Trop gros pour combattre ? L'armée belge vigilante à l'augmentation de l'obésité alors qu'un militaire sur deux est en surpoids
Aux États-Unis, les généraux sont confrontés à une vague d'inaptitude au combat liée au surpoids des recrues. En Belgique, l'état-major se prépare à une possible évolution similaire, et propose aux personnes en surcharge pondérale de suivre volontairement des trajets de reconditionnement.

- Publié le 05-04-2024 à 07h45

L'armée belge craint, qu'à l'image de l'évolution observée dans la société, l'obésité augmente chez ses soldats ou futures recrues. Il faut dire que les données en la matière ne sont pas rassurantes.

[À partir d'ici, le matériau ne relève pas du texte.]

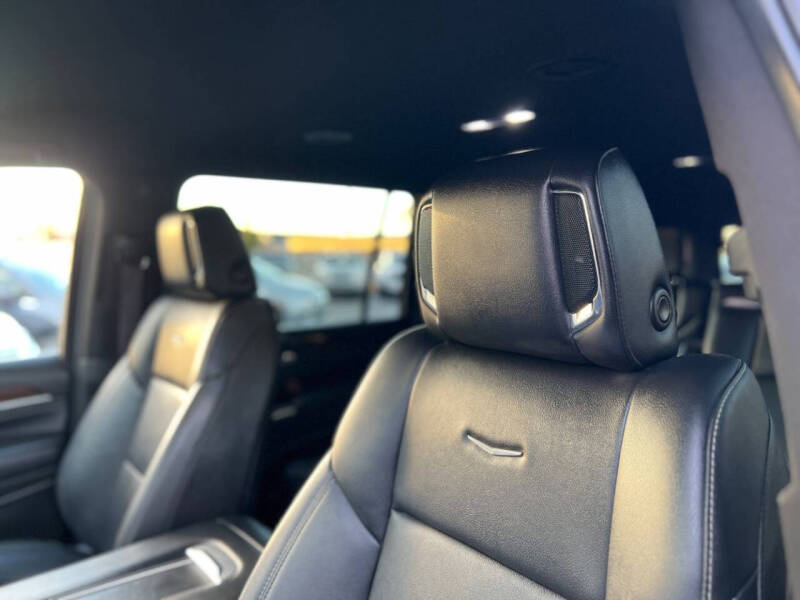 2022 Cadillac Escalade ESV Luxury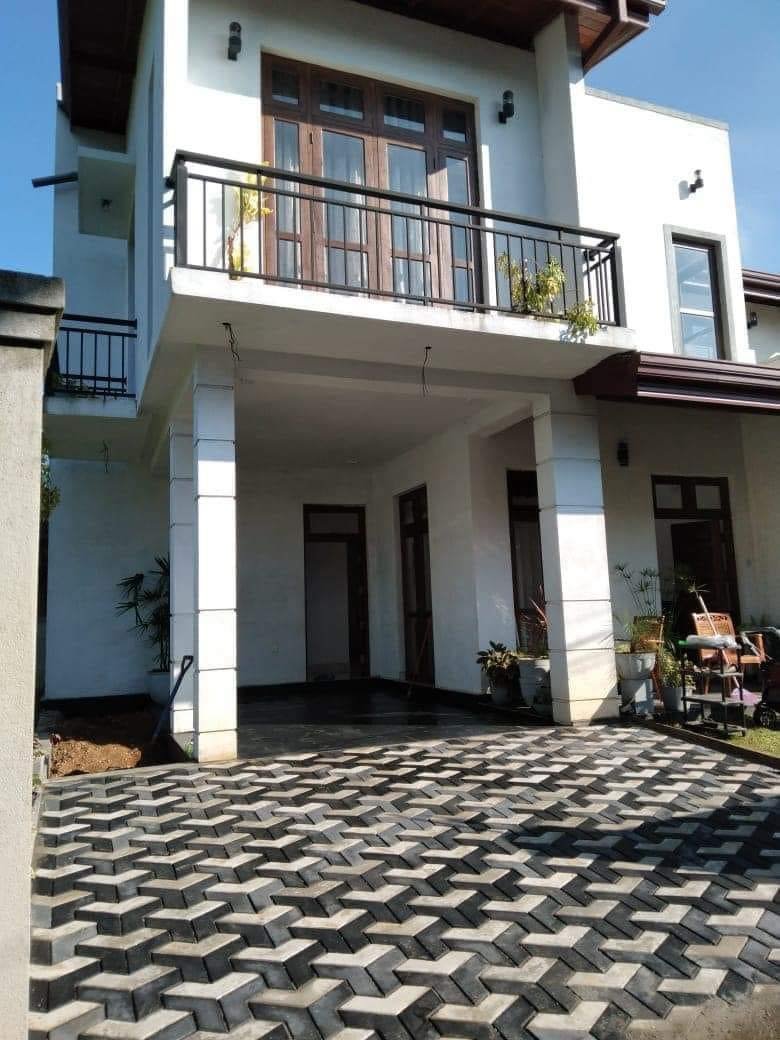 Other image 202510/modern-house-plan-contractors-price-in-negombo-wedabima-8481b9785c.jpg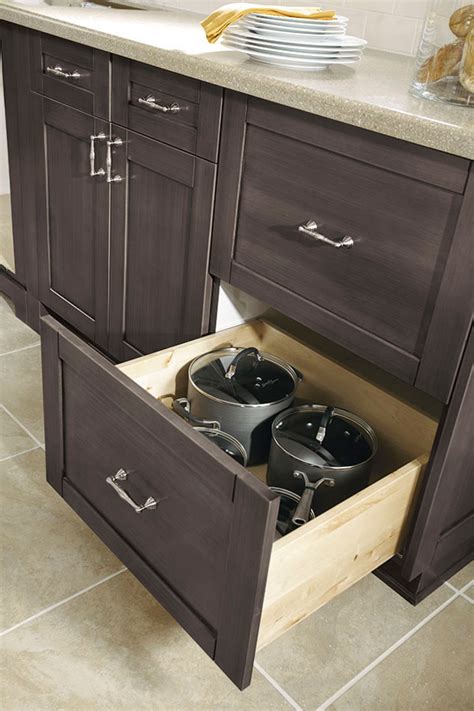 Whether choosing kitchen cabinet drawers or drawer cabinets for other rooms of your home, this overview from masterbrand covers what types are a cabinet's drawer front style is determined by the overall cabinet door style that has been chosen. Two Drawer Base Cabinet - Kitchen Craft Cabinetry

Selon le dernier rapport sur l'état de santé de la population belge établi par Sciensano, l'indice de masse corporelle moyen de la population belge (NdlR : calculé en divisant son poids en kg par sa taille en mètre au carré) est égal à 25,5. Soit davantage que la limite du surpoids, fixée à 25 par l'Organisation mondiale de la santé. Aujourd'hui, près d'un Belge sur deux (49,3 %) serait en surpoids et 15,9 % souffriraient même d'obésité avec un indice de masse corporelle supérieure à 30.
Des chiffres pas si éloignés de ceux de notre armée, qui sont respectivement de 46 % en surcharge pondérale (dont 37 % en surpoids et 9 % en situation d'obésité) contre 7 % en insuffisance pondérale 7 % et 47 % considérés comme un poids normal, d'après les chiffres de la Défense pour l'année 2023. "Les tranches d'âge les plus touchées sont naturellement les 40 ans et plus, dans des services moins actifs et plus sédentaires", précise-t-elle.
Un belge sur trois sera obèse à l'horizon 2035
L'IMC moyenne de nos militaires et de 25 kg/m2
Concernant l'IMC moyenne de nos soldats, on peut noter une amélioration des chiffres avec 26,2 kg/m2 en 2007, 25.5 en 2013 et 25 en 2023, tout en sachant que l'IMC chez les unités spéciales et les para-commandos est souvent supérieure à 25 kg/m2, alors que le taux de graisse n'est que de 15 % maximum. C'est pour cette raison que la Défense emploie de moins en moins cet indice. "Les chiffres IMC ne sont pas toujours représentatifs. À la Défense, nous n'utilisons pas de balance mais on utilise le BodyScan qui donne une image complète de la composition corporelle".
La surcharge pondérale entraîne d'autres problèmes de santé"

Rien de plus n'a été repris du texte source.